Why it matters: It’s an astonishing reversal by the Trump administration, a day after top officials defended the funding freeze — which a judge temporarily halted on Tuesday — as necessary to ensure all government spending was aligned with the president’s vision.
Catch up quick: The memo ordering the freeze, issued Monday night, had called for a pause on federal grant, loan and other financial assistance programs — potentially affecting billions or even trillions of dollars in spending.
- White House officials said it would not affect Medicare, Social Security, or other direct assistance that Americans “rely on,” but the lack of detail left state governments, nonprofits, schools and other programs scrambling to determine whether they’d be impacted.

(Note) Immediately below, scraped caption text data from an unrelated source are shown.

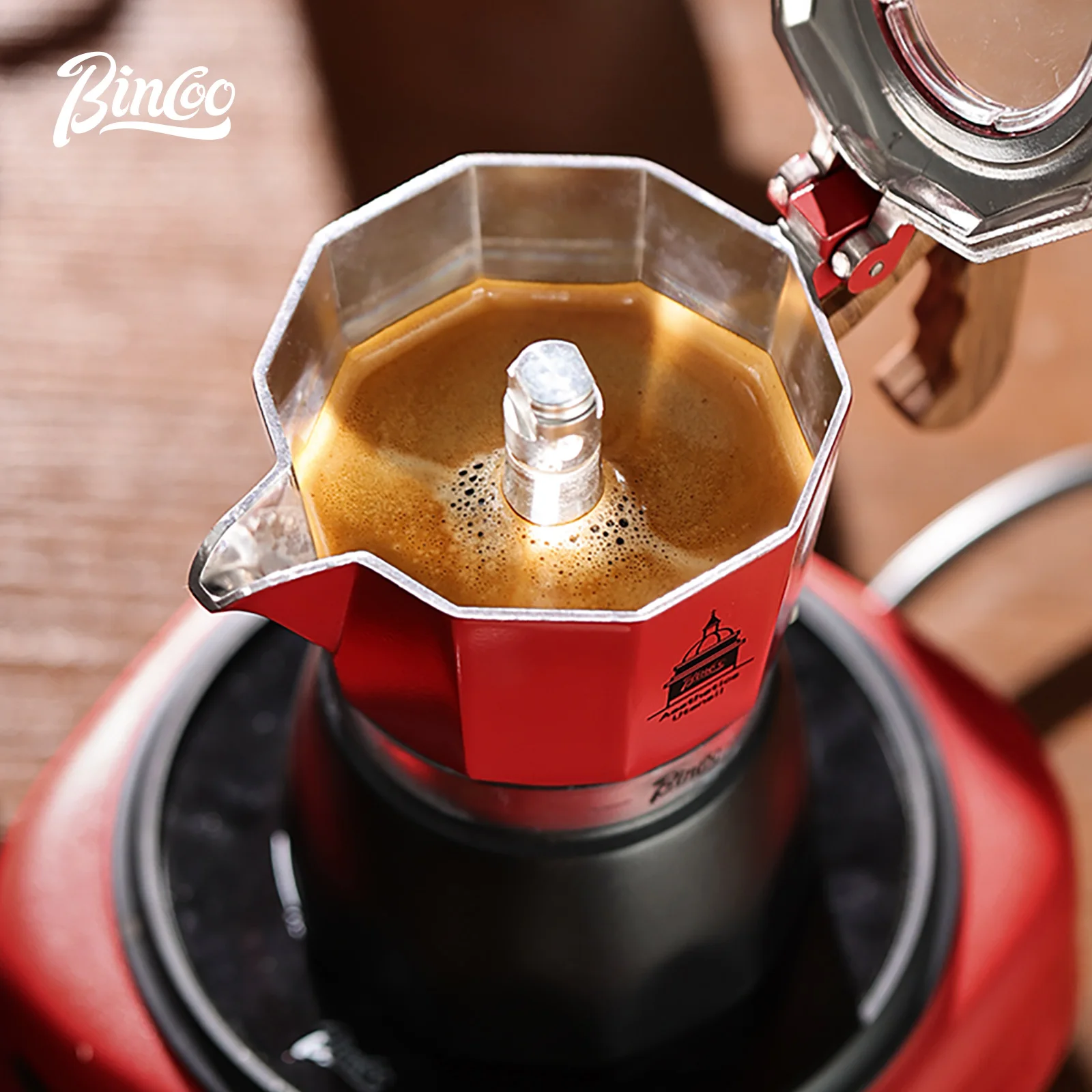 Bincoo Double Valve café Moka  - Equipment Of Coffee Machine avis et prix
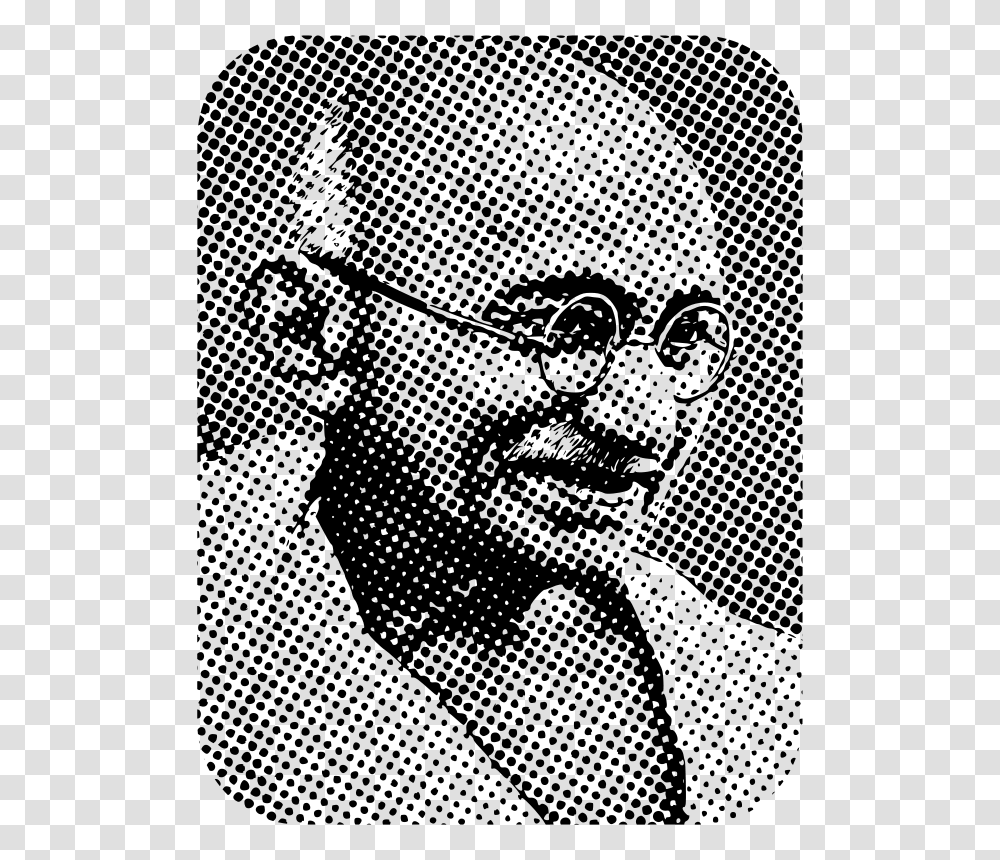 Mahatma Gandhi Rastered Simplified, Person, Gray, World Of Warcraft Transparent Png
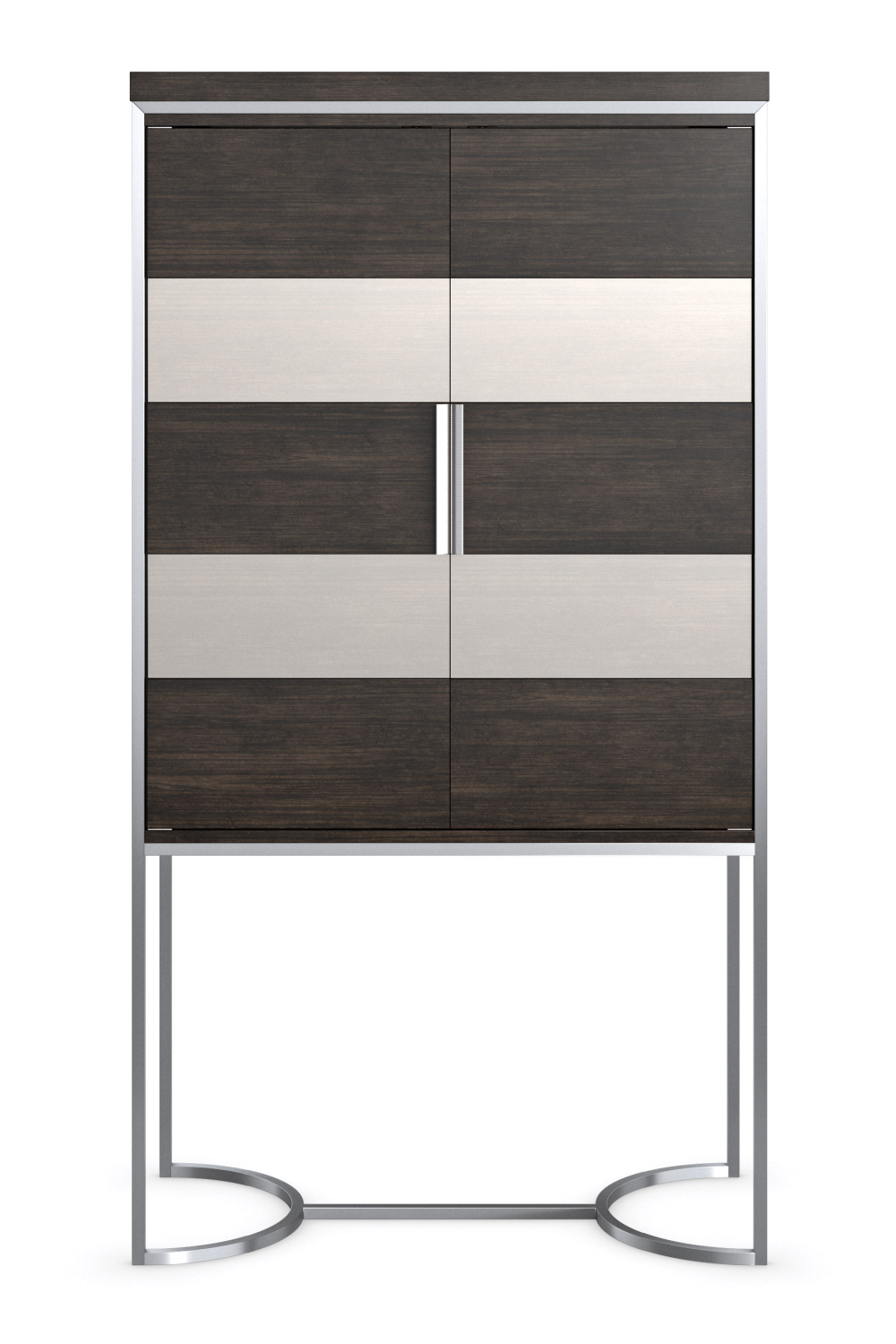 Metal Framed Modern Bar Cabinet | Caracole La Moda | Oroa.com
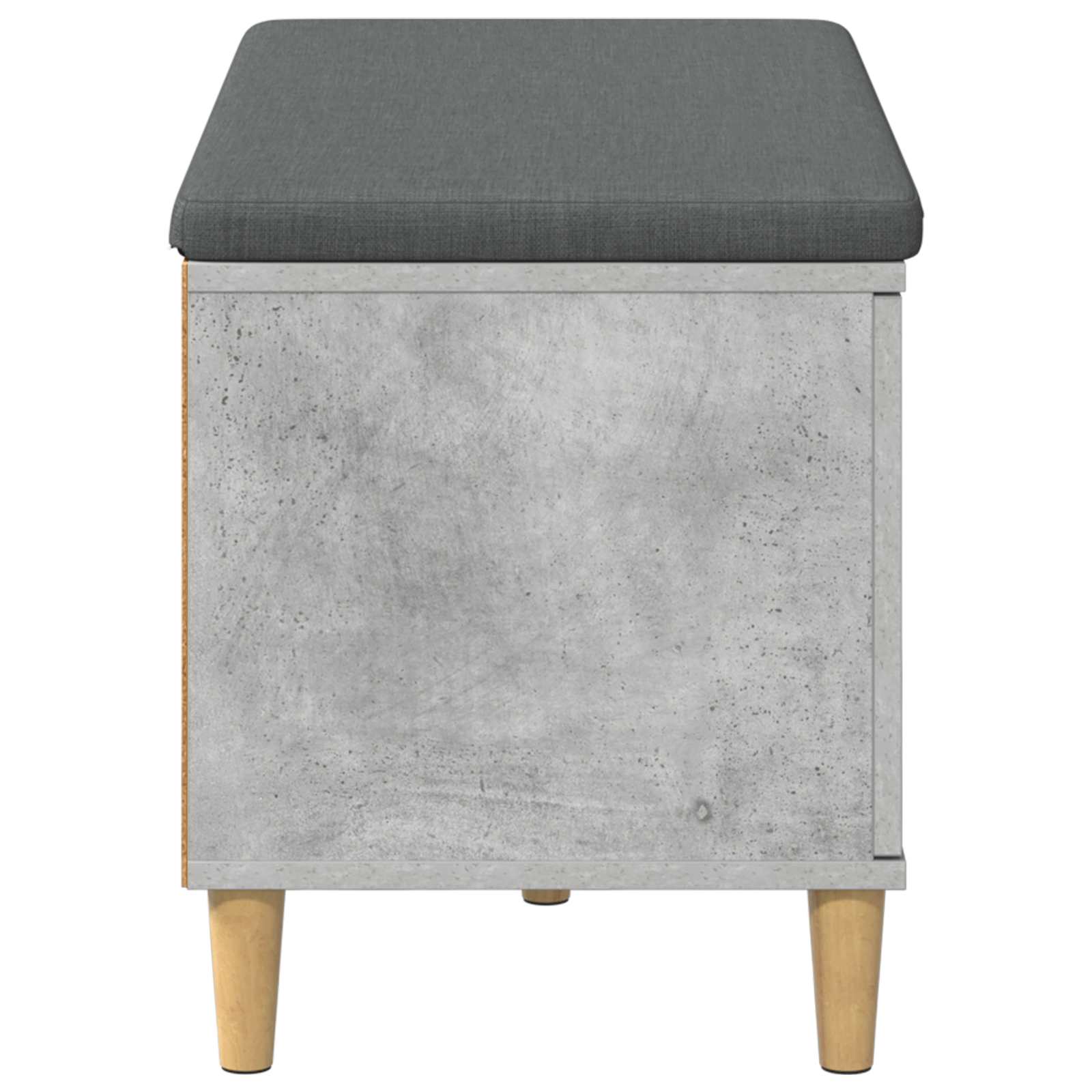 Koridoriaus suolas su pagalve Betono Pilka 80 x 38 x 46 cm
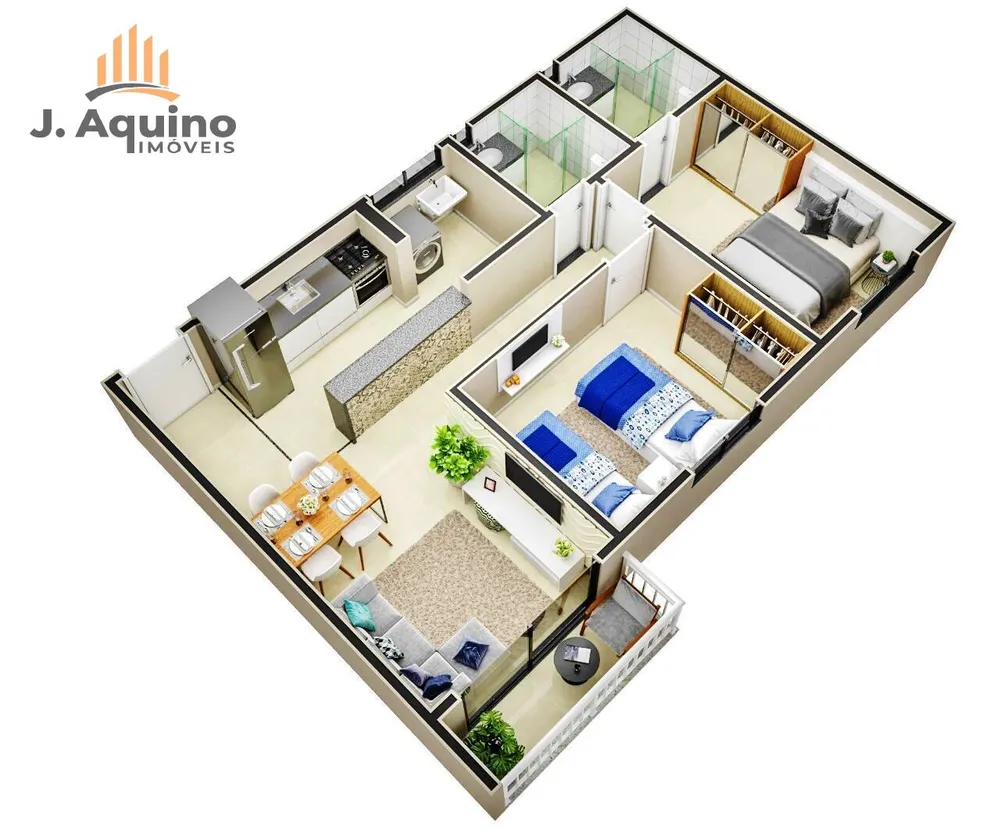 Apartamento, 2 quartos, 515361 m² - Foto 11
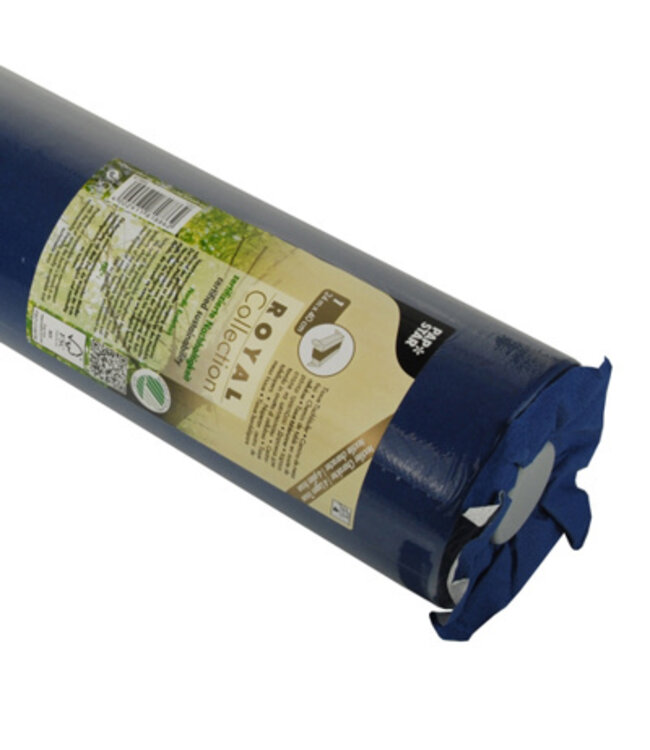 Tafelloper donkerblauw 24 mtr x 40 cm Tissue Royal Collection - Papstar | prijs & verp per 4 stuks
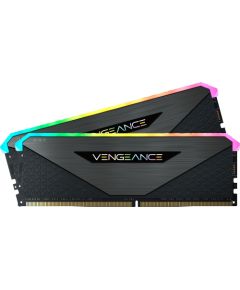 Corsair DDR4 - 16GB - 3200 - CL - 16 VengeanceRGBRT Dual Kit black RAM Operatīvā atmiņa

- Outages affecting Medicaid reimbursement portals across the country only added to the confusion, and Democrats seized on the chaos to mount their first significant and sustained attacks on the Trump administration.
What they’re saying: “This is an important victory for the American people whose voices were heard after massive pressure from every corner of this country — real people made a difference by speaking out,” Sen. Patty Murray (D-Wash.), the top Democrat on the Appropriations Committee, said in a statement.
- “Still, the Trump administration — through a combination of sheer incompetence, cruel intentions, and a willful disregard of the law — caused real harm and chaos for millions over the span of the 48 hours which is still ongoing,” she added.
- The White House has not yet officially addressed why OMB decided to rescind the memo.